Дочки-матери
— Да, — говорю. — Ты крут.
— Я!? — фыркает и закатывается. — Нет, я?! — и тыкается мне носом в плечо. — Ты правда так думаешь? Нет, Луис, ты — просто чудо какое-то!
Ну да, думаю. Чудо. В перьях. Но ничего не говорю. Я была совершенно счастлива.
В штабе на нас смотрели, как на неведомую иномирную диковинку — с ноздрями на коленях, например. С любопытством и легкой опаской.
Козерог говорит:
— А ты, все-таки, прешь буром.
— Нехорошо, — говорю, — по-твоему, да?
— Да не то, чтобы, — говорит, — у нас тут свободный мир. Для тебя это хорошо. Но ты можешь переманить Чамлина пилота, а Чамли может тебя пристрелить. Но ваще вы оба — в своем праве.

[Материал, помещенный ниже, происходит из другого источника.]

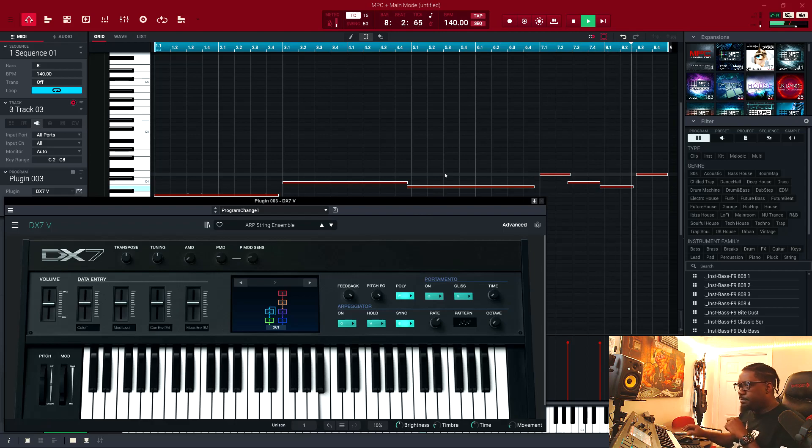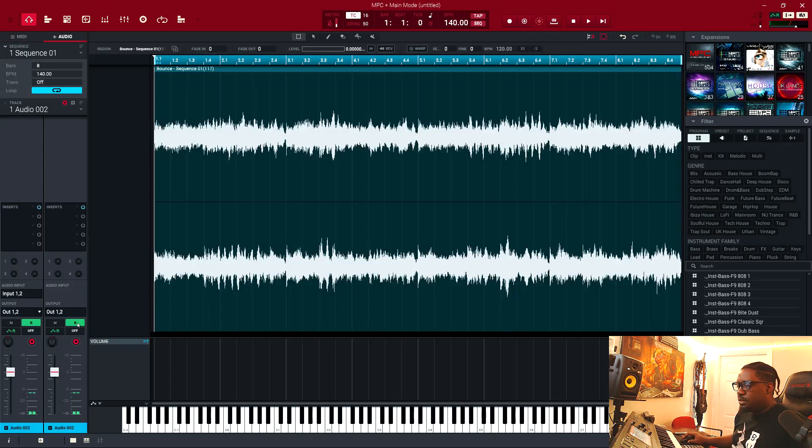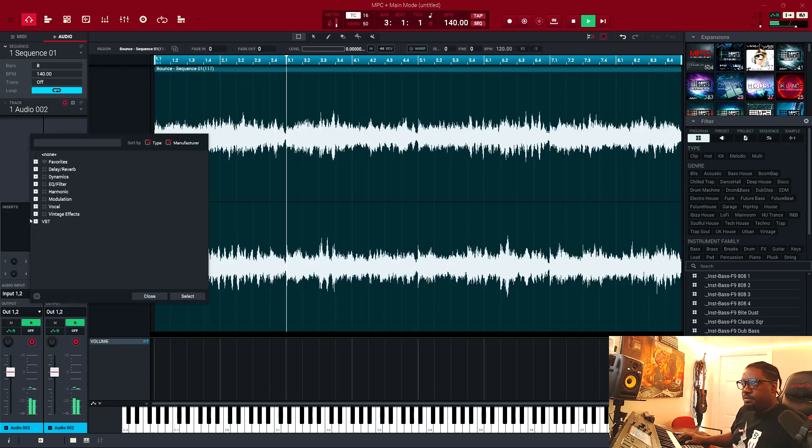We're going to bounce the sequence to an audio track and then go from there. Let's go — let's solo this and put some effects on here.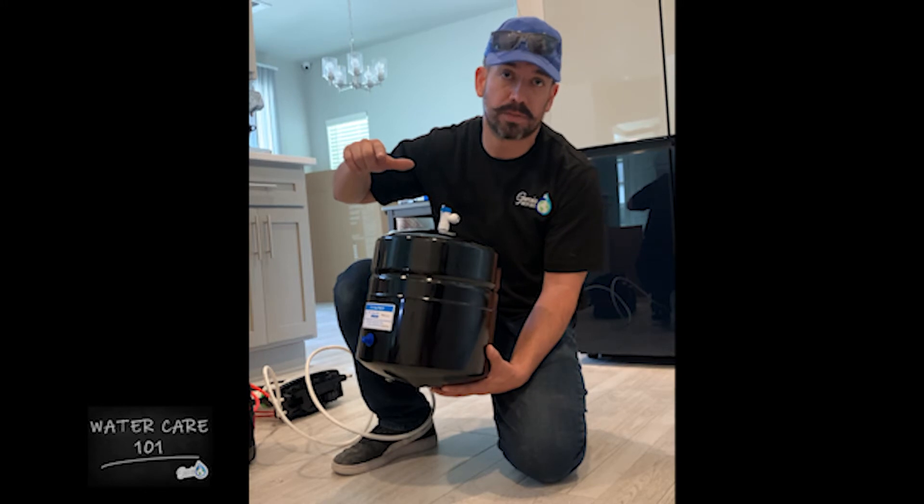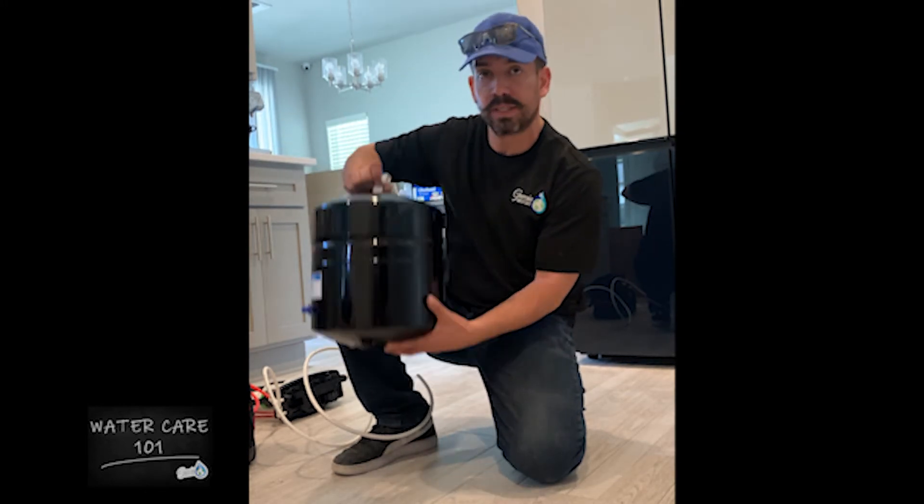Open up your RO faucet — your reverse osmosis faucet — and let all the water come out. When it's completely empty, go ahead and close it.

— Кто кого переманивал? — говорю. — Если у вас тут свободный мир, надо думать, как себя вести, чтобы твои подчиненные хотели с тобой остаться.
А Козерог хмыкнул и пробормотал что-то вроде «Ну-ну».
Рыжий в разговор не вмешивался — он сидел в уголке, под розовым светильником, и обнимался с двумя женщинами. А если на меня и на Котика случайно смотрела женщина, то вид у нее делался, как у мортисянской госслужащей из департамента Службы Контроля — означал, что мы оба преступники, подлежим насильственной стерилизации и ссылке в генетически нестабильную зону, как носители признаков, не подлежащих передаче по наследству.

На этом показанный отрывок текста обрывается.